Using the data that follows, return exactly the lines from the one that contains "Summer Korean version" through the one that contains "DAMAS OSCURIDAD NOVIA", ends included.
Top of RECORDED INFORMATION
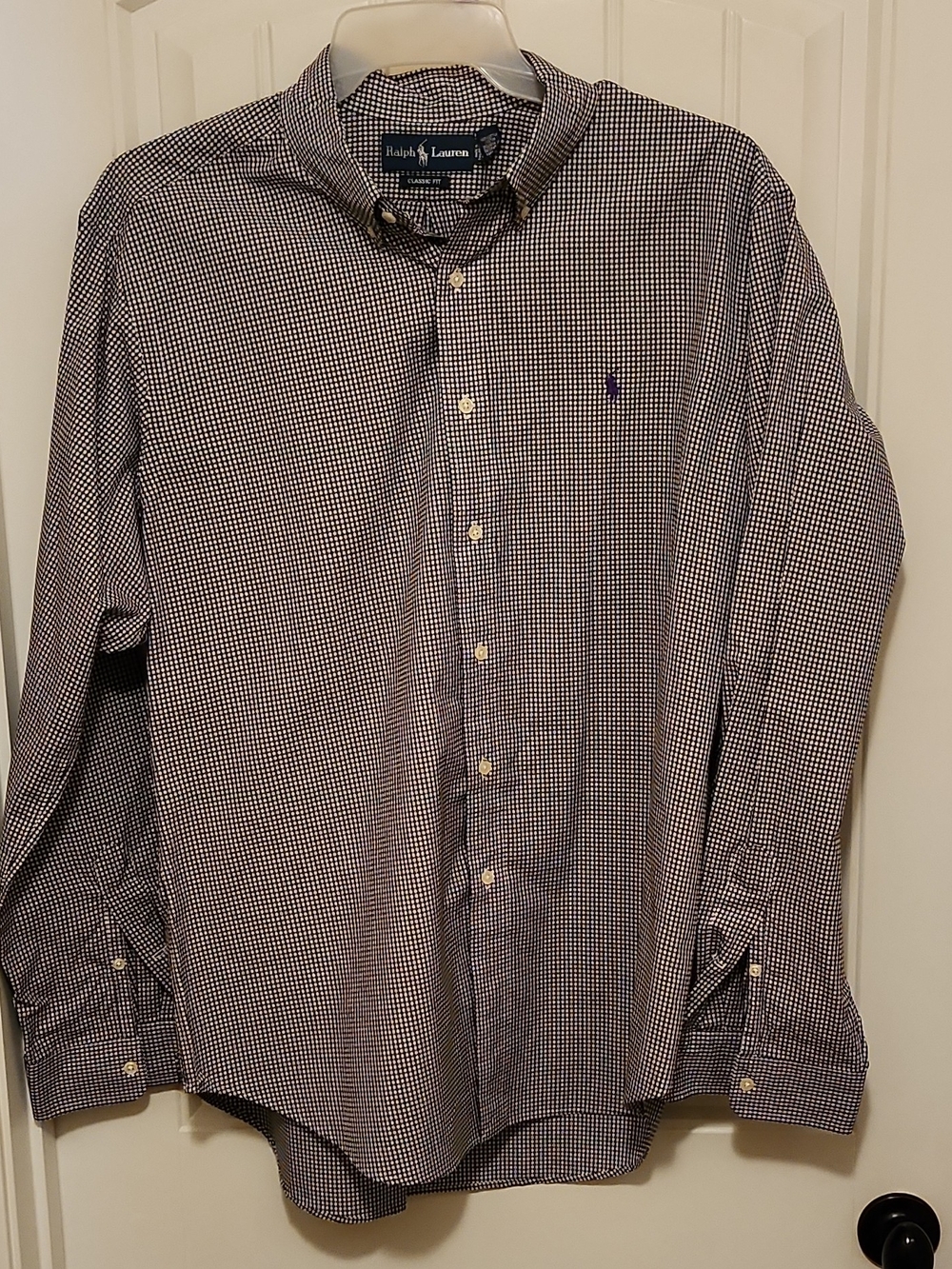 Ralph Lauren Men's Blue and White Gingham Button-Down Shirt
Bottom of RECORDED INFORMATION
Top of RECORDED INFORMATION
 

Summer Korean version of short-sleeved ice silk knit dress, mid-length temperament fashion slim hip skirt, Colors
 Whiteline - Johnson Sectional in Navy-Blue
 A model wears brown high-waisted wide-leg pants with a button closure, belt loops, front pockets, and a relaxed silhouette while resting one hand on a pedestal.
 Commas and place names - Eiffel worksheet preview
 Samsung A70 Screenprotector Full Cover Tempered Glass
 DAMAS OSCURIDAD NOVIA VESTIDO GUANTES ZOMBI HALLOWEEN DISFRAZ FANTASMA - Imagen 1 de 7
Bottom of RECORDED INFORMATION
→ PROBLEM SOLUTION:
Summer Korean version of short-sleeved ice silk knit dress, mid-length temperament fashion slim hip skirt, Colors
 Whiteline - Johnson Sectional in Navy-Blue
 A model wears brown high-waisted wide-leg pants with a button closure, belt loops, front pockets, and a relaxed silhouette while resting one hand on a pedestal.
 Commas and place names - Eiffel worksheet preview
 Samsung A70 Screenprotector Full Cover Tempered Glass
 DAMAS OSCURIDAD NOVIA VESTIDO GUANTES ZOMBI HALLOWEEN DISFRAZ FANTASMA - Imagen 1 de 7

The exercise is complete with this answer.